Observant que l’article L. 2113-6 « ne comporte aucune règle de fond encadrant le nom des communes nouvelles », les magistrats confirment qu’il n’existe aucun principe qui obligerait que le nouveau nom soit en lien avec celui des anciennes communes. Toutefois, dans le cas d’espèce, les juges relèvent que, bien qu’aucune règle n’encadre le choix des noms des communes, le nom choisi est manifestement inspiré par un principe de réalité. Ils soulignent en effet que, d’une part, le nom générique « les Deux Alpes », qui a notamment été donné à la station de ski éponyme, évoque la « réunion des deux alpages, l’alpe du Mont-de-Lans et l’alpe de Venosc ». D’autre part, ils soulignent que l’essor commun des deux communes s’est fait autour de la station des Deux-Alpes dont le domaine skiable est situé sur leurs deux territoires. C’est pourquoi, constatant le bien-fondé de cette dénomination au regard des considérations géographiques et historiques, les magistrats de la C.A.A. de Lyon rejettent l’argument selon lequel ce choix de nom aurait été retenu « pour des considérations commerciales ».
Cette décision n’est pas une solution isolée. En effet, par un jugement du 22 novembre 2016, soit près d’un an avant la décision de première instance dans l’affaire d’espèce, le Tribunal administratif de Châlons-en-Champagne (n° 1600196), saisi d’une question relativement similaire, a validé la création de la commune nouvelle « d’Aÿ-Champagne » en dépit de l’existence de la marque « Champagne ». Adoptant un raisonnement proche de celui de la C.A.A. de Lyon, le T.A. avait jugé que : « le nom d’Aÿ-Champagne était déjà le nom d’usage, largement utilisé et reconnu tout au long du XXème siècle, de l’ancienne commune d’Aÿ ; que, de plus, historiquement, le terme “Champagne” est associé à cette commune depuis le Xème siècle ; que, par ailleurs, les trois anciennes communes concernées par le nouveau nom de la commune fusionnée se situent géographiquement en Champagne dans un secteur de viticulture de vins de Champagne ; que l’intérêt public local à l’appellation de la nouvelle commune est ainsi établi ».

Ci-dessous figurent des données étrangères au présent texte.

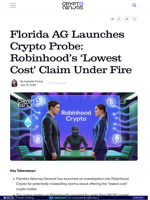 Florida AG Launches Crypto Probe: Robinhood’s 'Lowest Cost' Claim Under Fire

Si, dans le cas d’espèce, la notion « d’intérêt public local » n’est pas évoquée par les magistrats de la C.A.A. de Lyon, il ressort de ces décisions que les circonstances locales et historiques semblent être des éléments largement pris en compte par les tribunaux administratifs pour valider le nom d’une commune nouvelle créée dans le champ d’application géographique d’une marque déposée.